Composer Of The Month - Kenneth Hesketh
Premieres Of Danceries (Set 2)
9th April 2011,Birmingham Symphonic Winds, Keith Allen, conductor, CBSO Centre, Birmingham
16th April 2011, Lambeth Wind Orchestra, John Holland, conductor, All Saints Church, West Dulwich, London
17th April 2011, Birmingham Symphonic Winds, Keith Allen, conductor, Alice Tully Hall, Lincoln Center, New York, USA
30th April 2011, Philharmonic Winds, Timothy Reynish, conductor, Esplanade Concert Hall, Singapore
Some time ago I wrote enthusiastically of Kenneth Hesketh:
Kenneth Hesketh has emerged during this decade as one of the most exciting new talents in the wind world. Many of you will know Danceries and the bright and breezy Masque and his Dances for Diaghilev, a wonderful swirling score of impressionistic colourings.

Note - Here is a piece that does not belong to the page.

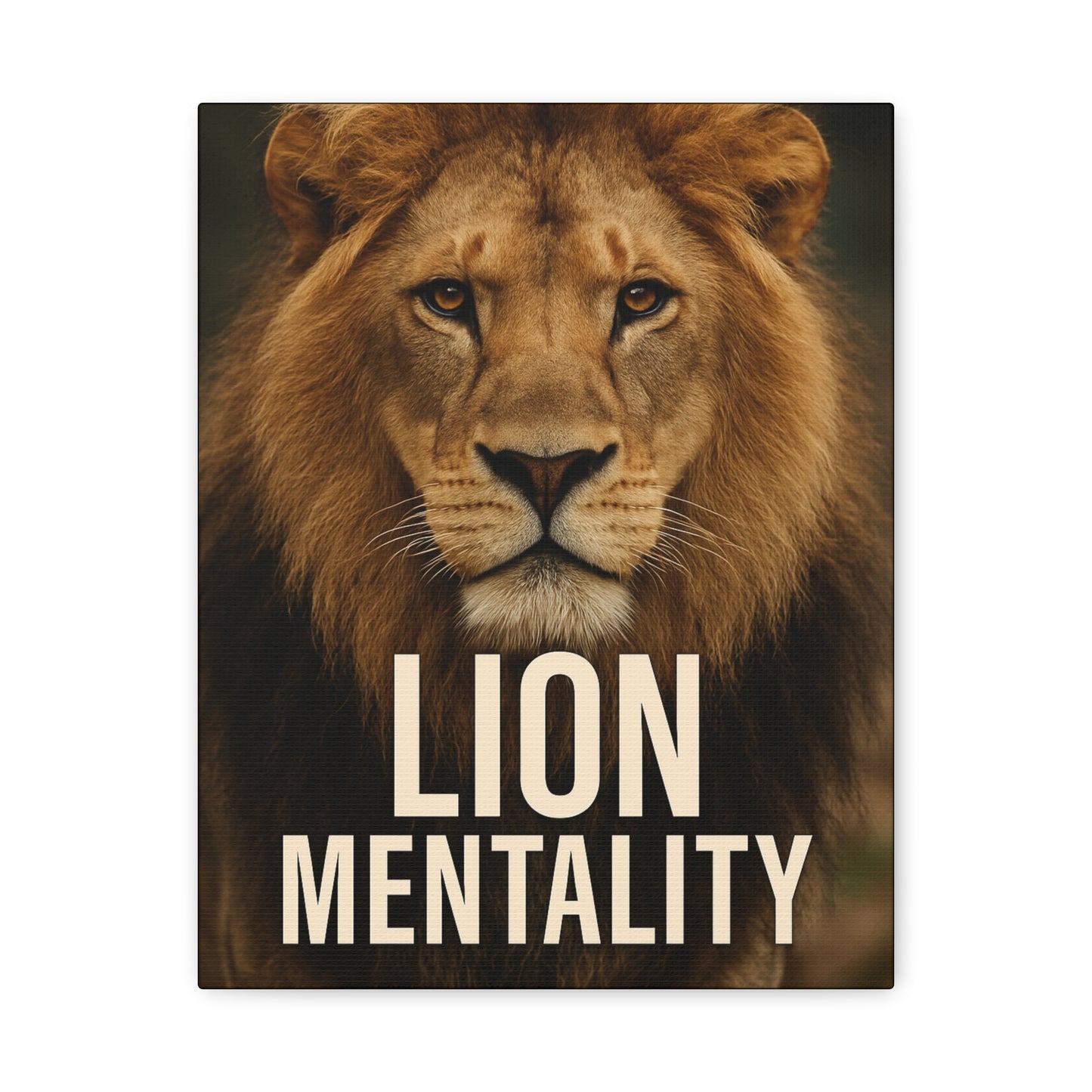 Canvas Print - Lion Mentality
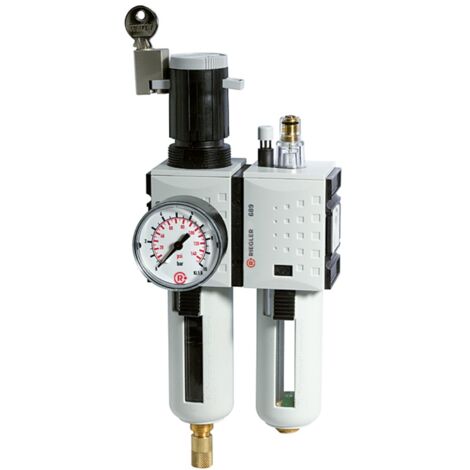 Riegler Wartungseinheit 2-tlg. »FUTURA«, PC, BG 2, G 1/2, 0,5-16 bar, VA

In my account of British Wind Music 1981 - 2011 I wrote with a little more detail:
Kenneth Hesketh at first wrote under a pseudonym, preferring to keep his wind music and his "serious" music separate. His Masque (2001 Faber) is an energetic overture, full of good tunes and exciting scoring, while an earlier work, Danseries, (2000 Faber) is a four-movement work derived from Playford's Dancing Masters Tunes of the 17th century. Diaghilev Dances (2003 Faber) is a wonderful homage to the impressionistic ballets of the early 20th century, early Stravinsky, Debussy and Ravel, marvellously scored with great solo parts especially for subsidiary woodwind instruments. His Clouds of Unknowing (2004, Schotts) was premiered by the Royal College of Music in 2005; it is a marvellously scored work, with demanding parts for tuned percussion, piano, celeste and harp, a rich soundworld unique in the wind ensemble medium. Three other works emerged during 2004, all published by Faber; Internal Ride was commissioned by the University of St. Thomas, Whirligigg and a Flute Concerto; Vranjanka was premiered by the Guildhall School of Music and Drama at the RNCM 2005 Conference. A brooding incisive introduction leads into an exciting Balkan Dance mainly in 7/8, with rewarding parts for everyone, as in all of his music. His most recent work is A Gilded Theatre (2008) commissioned by the National Youth Wind Orchestra of Great Britain, a return to the post-impressionist style of Diaghilev Dances, and a wonderfully scored tribute to the world of 18th Century France.